I have personal knowledge of this one, having led this appeal at the Valuation Tribunal on behalf of the client. The the new RV applies as from September 18, 2015.
My argument for a reduced RV hinged on whether the appeal property should be valued in accordance with its mode and category of occupation which has implications for other leisure facilities that are housed in converted industrial properties in England.
The appeal property – a factory and premises on the outskirts of Nottingham – included an unheated warehouse, a two-storey office block and a mezzanine floor. Whilst the property had originally been subject to industrial use, it had been occupied as a go karting track since 2015.
As part of the evidence, I was able to prove the appeal property should be valued as a go karting track in line with its mode and category of occupation and not in line with industrial units in the locality. Material to the argument was the planning consent that had been changed from B2 (industrial) to Sui Generis (unique use). The property was leased with effect from 18 September 2015, as a go karting track, and the lease specified that the permitted use of the property was as a go karting track with ancillary leisure facilities.

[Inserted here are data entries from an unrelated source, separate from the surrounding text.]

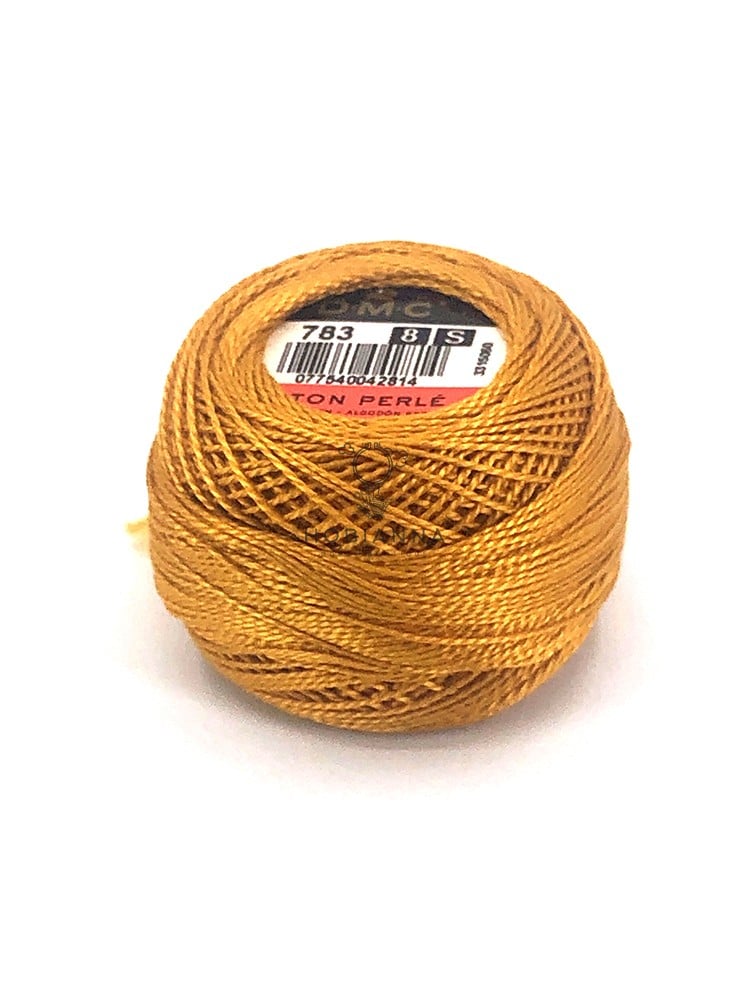 DMC Koton Perle 8 No: 783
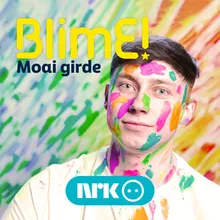 BlimE! - Moai Girde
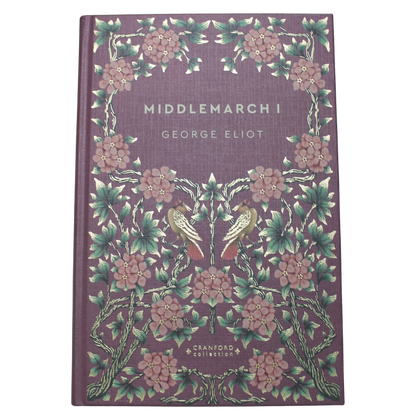 Romans Classiques | George Eliot - Middlemarch en Français I Partie 1 sur 2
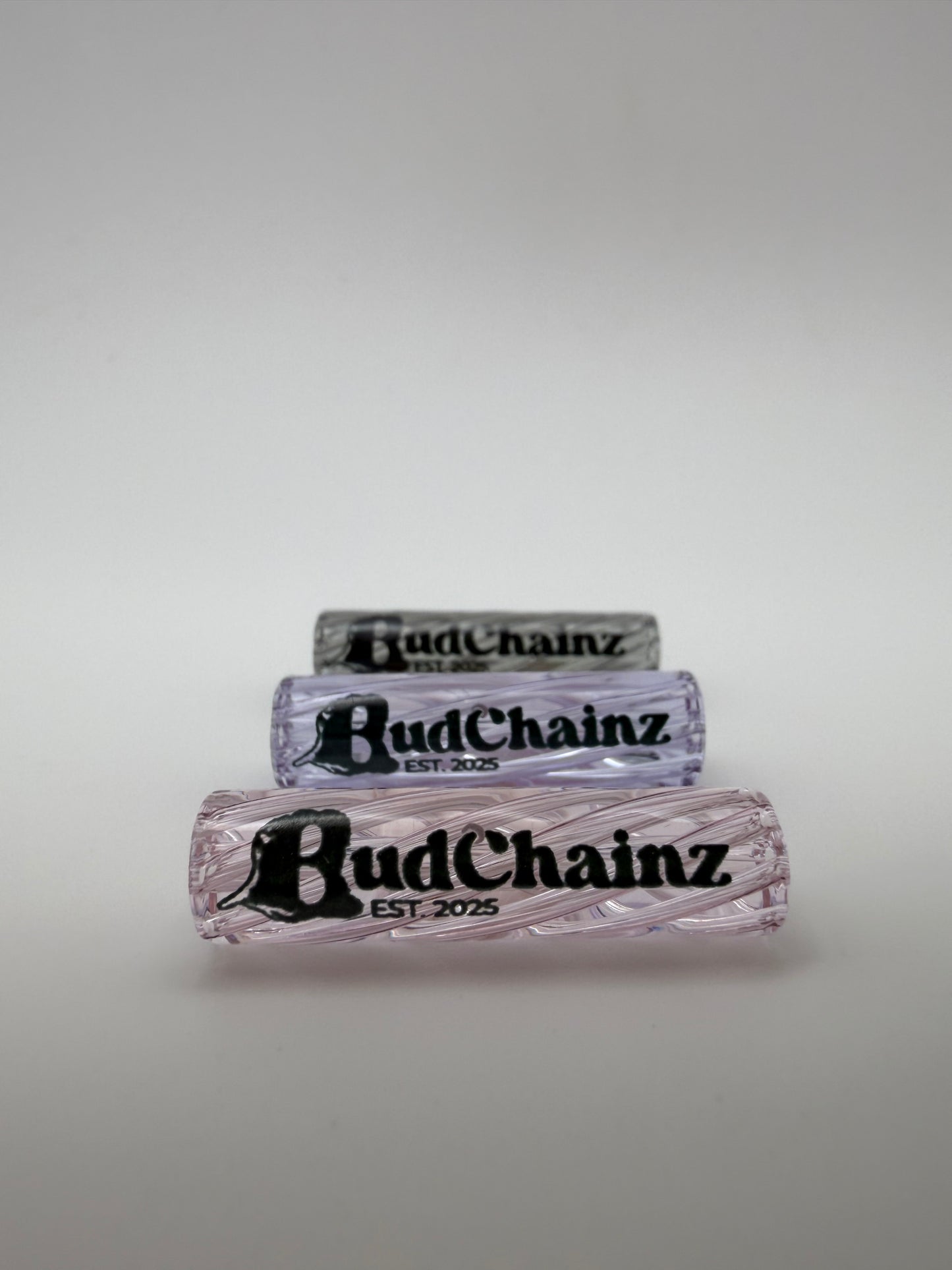 8mm BudChainz Glasfilter 6er Set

The property was physically adapted for its use, with all the plant and machinery being removed, the office areas converted to a reception area/briefing room, changing rooms, customer toilets and a refreshment area/small bar. The mezzanine floor was converted to a viewing area.
I was also able to provide a substantial amount of case law to support the view that the appeal property should be valued in line with its mode and category of occupation and pointed out that the appeal property was in use at the material day as a go karting track, had undergone conversion to facilitate such use in accordance with the “rebus sic stantibus”* principle.
I also referred to a further six propositions for weighting evidence as outlined in other key Lands Tribunal decisions and provided a schedule of seven properties situated in Bristol, Liverpool, Warrington, Sheffield and Leeds that had been occupied by Teamsport; confirming that none of these properties had been purpose built; all had been converted from other uses.
The VOA, opposing the appeal, also presented extracts from legislation, and a proposed revised valuation of RV £165,000 for the appeal property.
In its decision summary the Panel noted that alterations had taken place to the appeal property, following the granting of planning permission to facilitate the change of the property’s use from B2 to Sui Generis.
Whilst the VOA had considered that the alterations to the appeal property to create the go karting track and its ancillary accommodation had been minor, the Panel agreed with me that the changes, taken as a whole, went beyond what could be considered minor.
I am obviously delighted with the result. We knew we had a strong argument with existing case law to refer to. This case will now help to provide further evidence for future appeals brought by similar leisure businesses which find themselves facing unfair rateable values that simply don’t reflect their occupation.
*rebus sic stantibus – “things standing thus”, or more wordily, “on the basis of matters remaining in the same state as they are at present”.